This is a similar debate to the last one, in the sense that the Government have now withdrawn an unreasonable proposal. The truth is, of course, that they did not have a majority in the other place to deliver either proposal, so although some good grace has been shown, there are also mathematical reasons to do with how the votes were going to go in the other place.

Hopefully, Members will never have recourse to the coronial system as a result of a sudden unexplained death of a loved one. We can all imagine that if we did, we would probably be in a difficult emotional condition. We would hope that we would be helped in discovering the true cause of that sudden and tragic death by a modern, professional, strong and independent-minded coroner.

Unfortunately, there have been too many cases reported in which the families, friends and colleagues of a loved one have felt let down by the coronial service that they have received. I do not need to dwell on the many occasions when the service was felt to have failed, but it became clear that the whole coronial service needed to be modernised, made more professional and above all made more accountable.

The Opposition are totally in favour of modernising public services that need to be modernised. We are in favour of reform, and I will not have anything else said. The view that the coronial service needs to be reformed and made more accountable is not simply that of a few party hacks in this place or elsewhere. It is the view of, for example, the Royal British Legion and of INQUEST, an organisation of which many Members will have heard. Between them, those organisations represent many bereaved families, including the families of our fallen heroes. So I have been perplexed throughout the Bill’s progress by the Government’s continuing failure to respond, not to our arguments, but to the voices of the bereaved and those who represent them, to the extent that, as the House knows, the Bill Committee refused to allow witnesses from the Royal British Legion to appear before it so that we could hear what they had to say on behalf of those families.
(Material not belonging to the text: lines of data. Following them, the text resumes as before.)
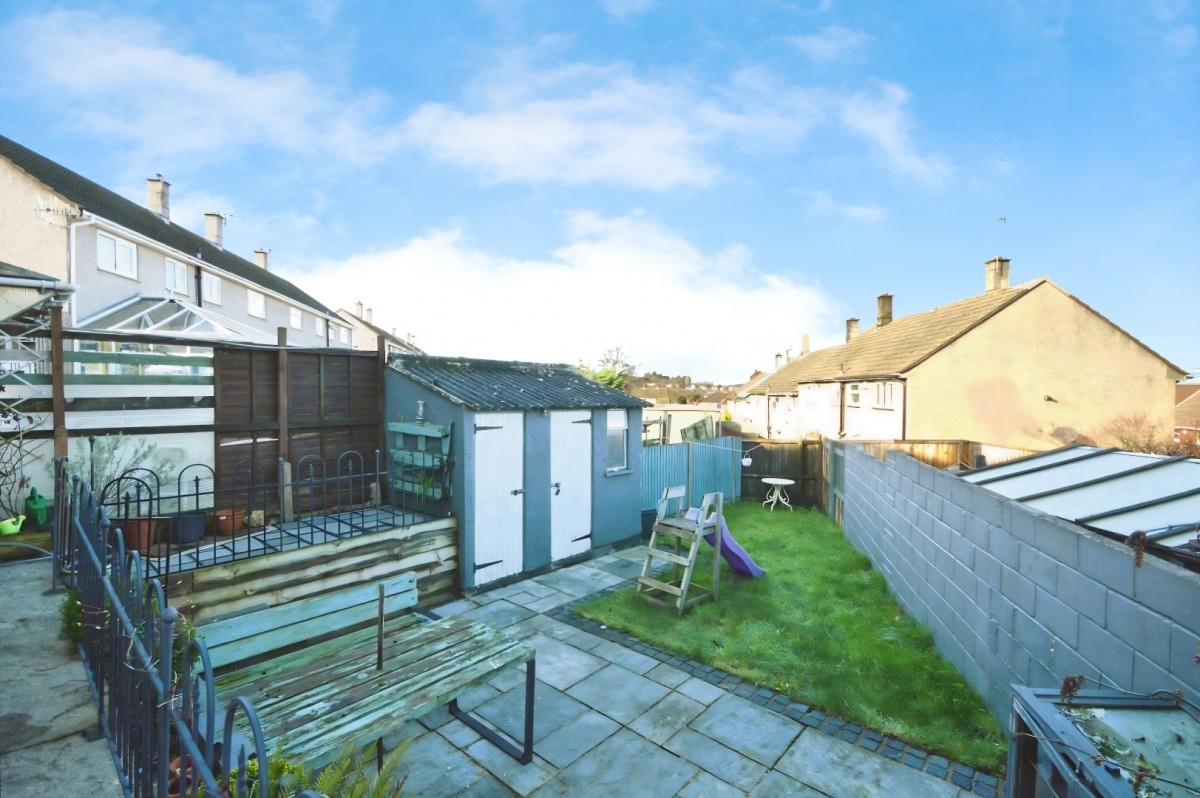 Newland Walk , Bristol, BS13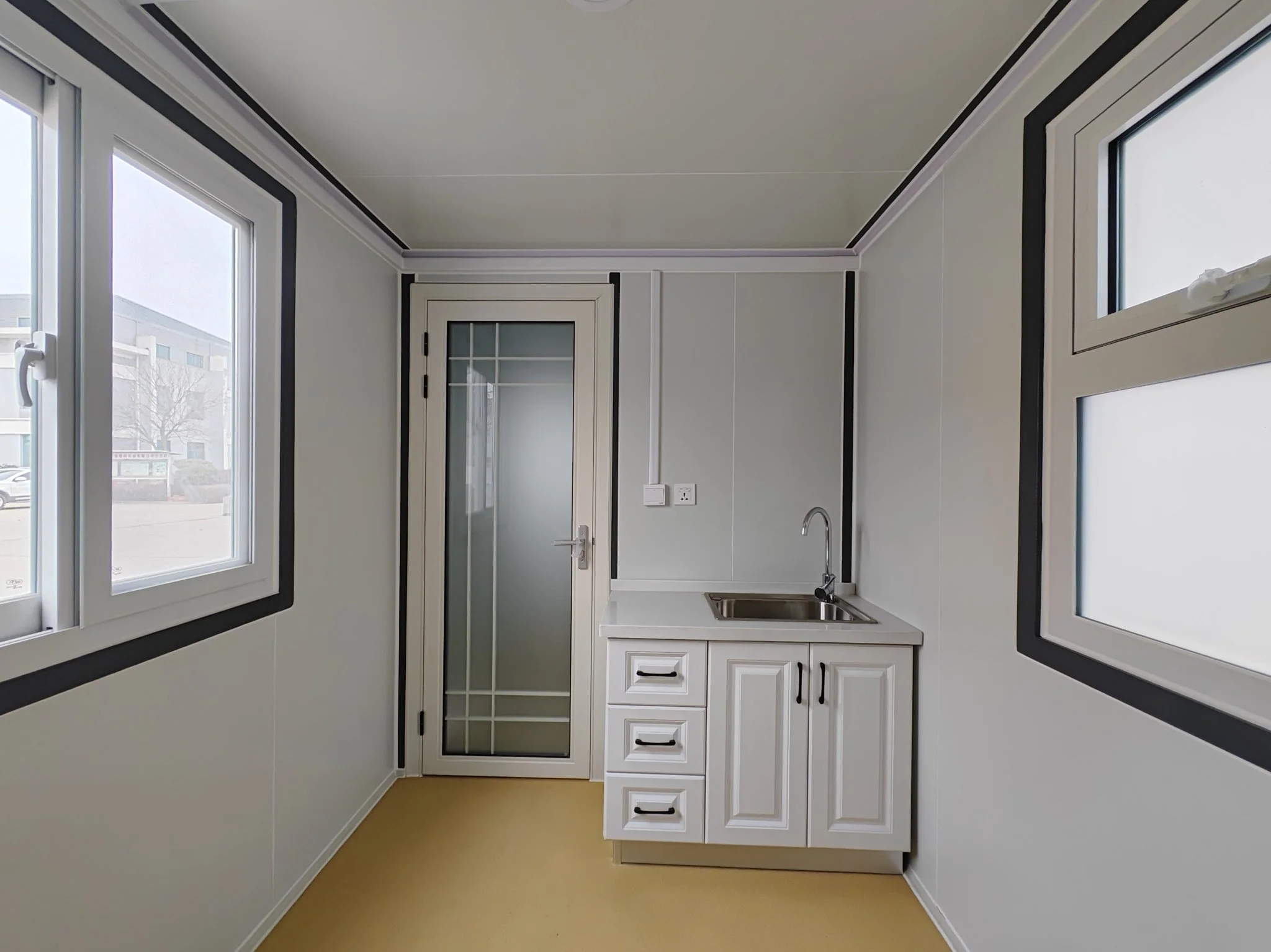20 FT Insulated Mobile Office Container with Kitchen Bathroom & Bedroom | Wired, Ready to Use SU289481 - Image 18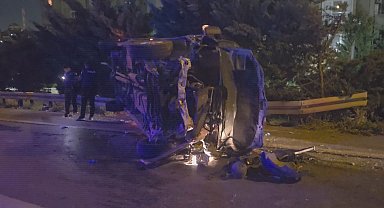 Esenler'de 3 aracın karıştığı zincirleme kaza: 1 ölü 5 yaralı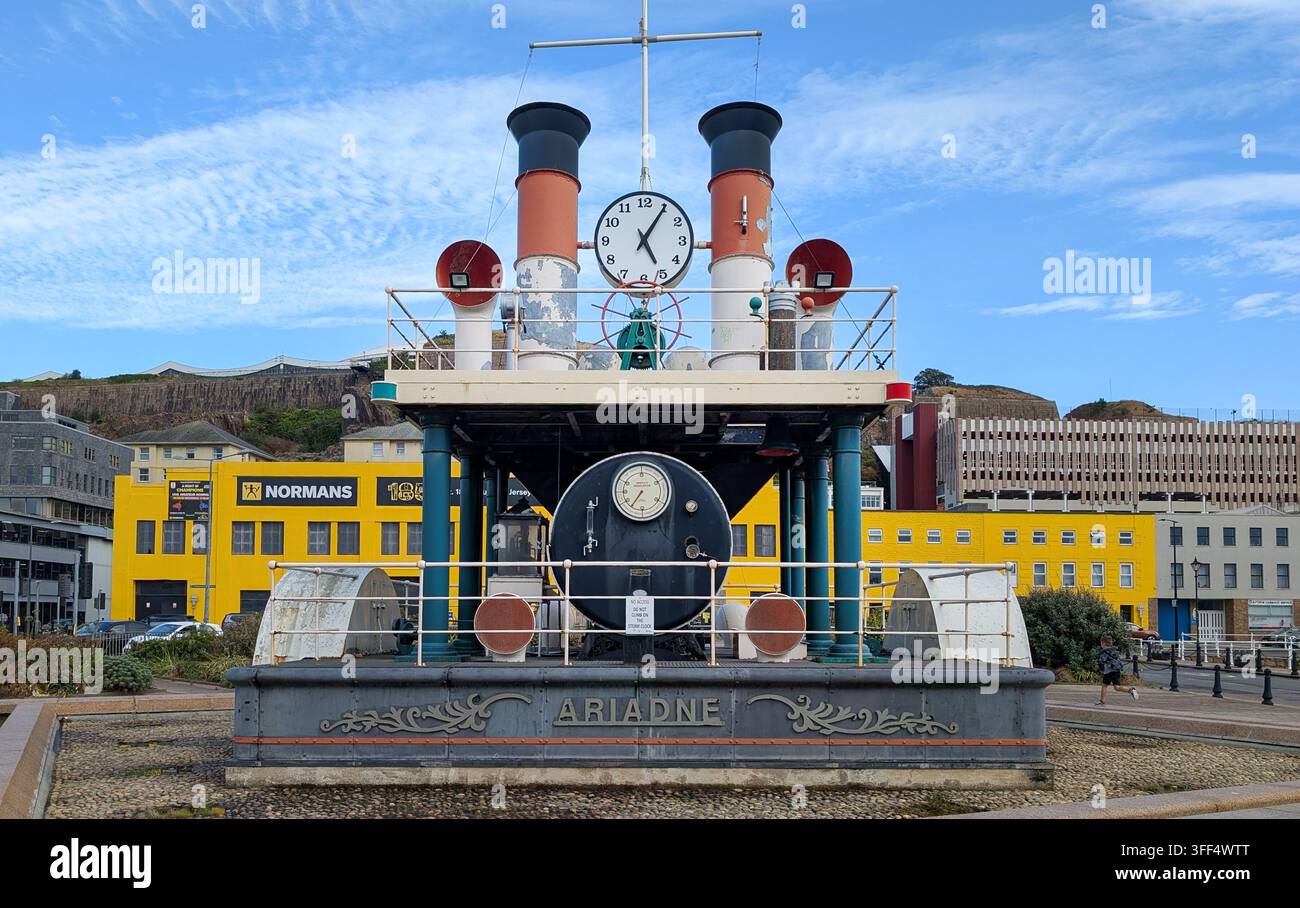 St Helier, Jersey, Îles anglo-normandes – 31 août 2026 : L’horloge à vapeur Ariadne exposée sur le front de mer à St Helier. Banque D'Images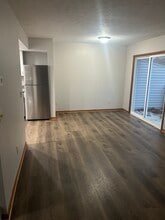 1650 Secrest Rd in Wooster, OH - Foto de edificio - Building Photo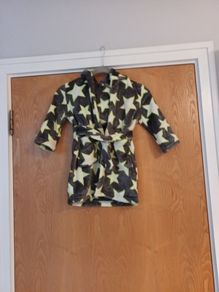 Dunnes  Stores  Baby Boys Dressingown.  Age 18-23 Months. New - No Tag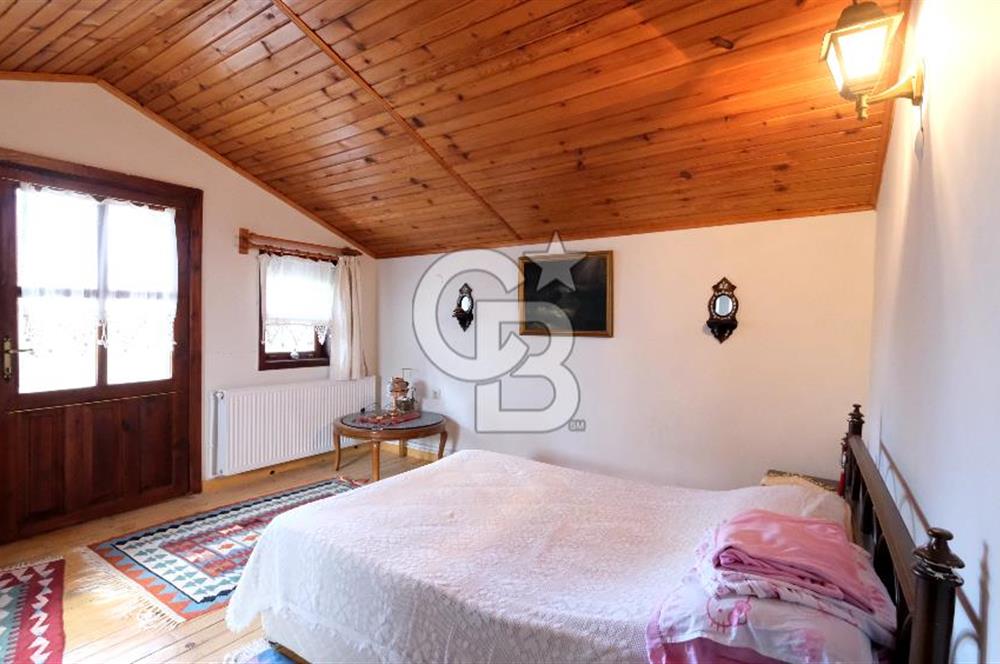 Pursaklar Yeşilyurt'ta Geniş Peyzajlı 3+1 Villa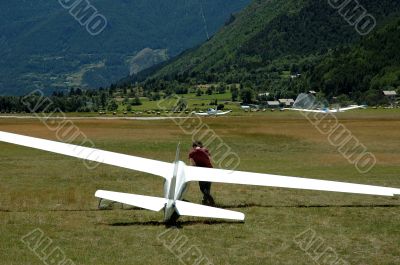 Glider on the ground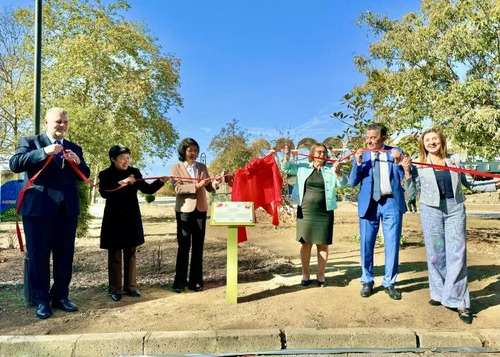 Guests from China and abroad unveil the nameplate of the Peony Garden to commemorate the 75th anniversary of diplomatic relations between China and Bulgaria.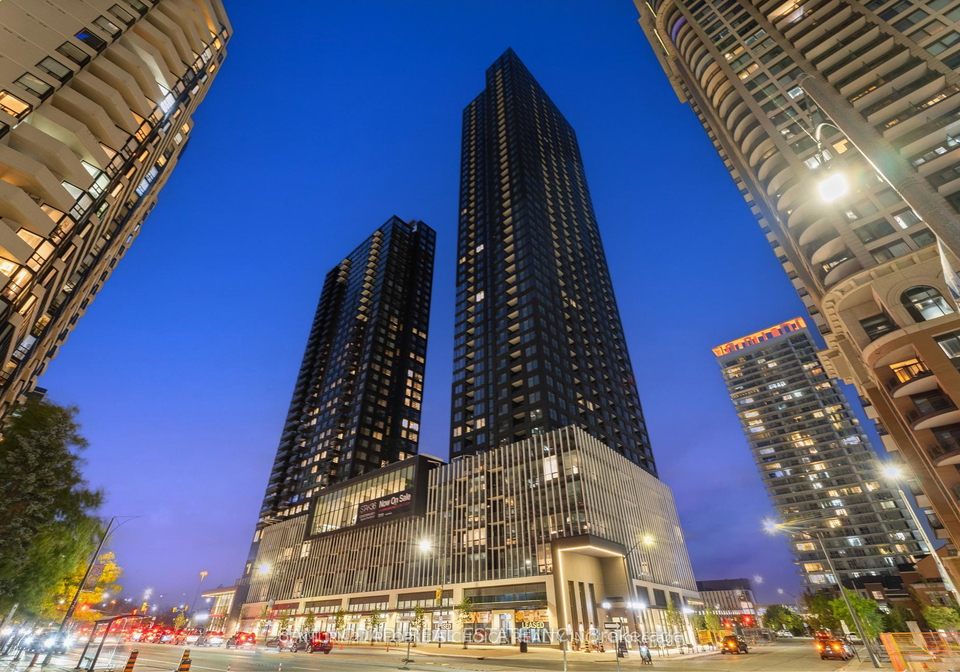 395-square-one-drive-mississauga-ontario-w12704826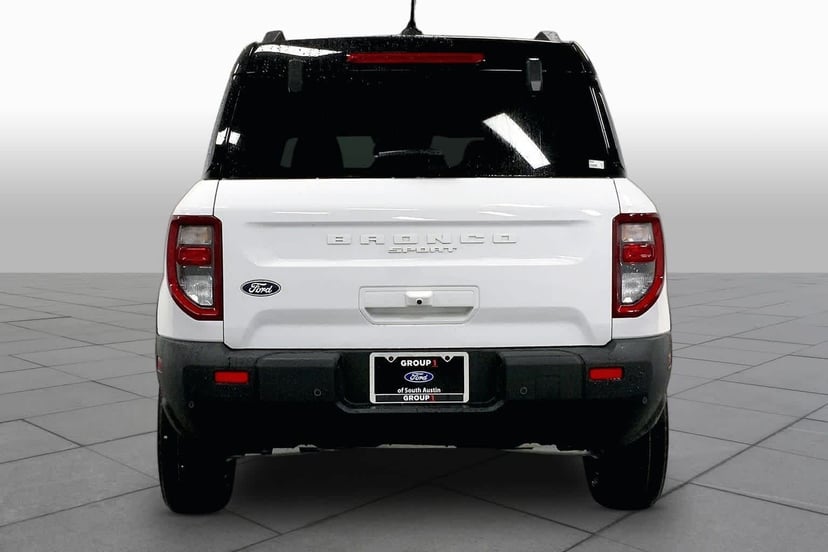 2026 Ford Bronco - Image 3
In the previous Parliament, it became the settled will of this House and the other place that the way to achieve far-reaching reform of the whole coronial service should be—at least in part—through establishing a new post, the chief coroner. The chief coroner’s tasks were well debated at the time and I will not rehearse them. Then, there was a change of Government and, bizarrely, as part of their review of quangos, this Administration decided to abolish the post of chief coroner, notwithstanding the fact that that post is not a quango. We repeatedly warned that that would be a major error and we therefore fully support the Government’s decision to take the office of chief coroner out of schedule 5, thereby securing the post’s existence.

I am happy that the hard work of organisations such as the British Legion and INQUEST, as well as that of many individuals, has finally paid off.

Jonathan Ashworth Portrait Jonathan Ashworth (Leicester South) (Lab)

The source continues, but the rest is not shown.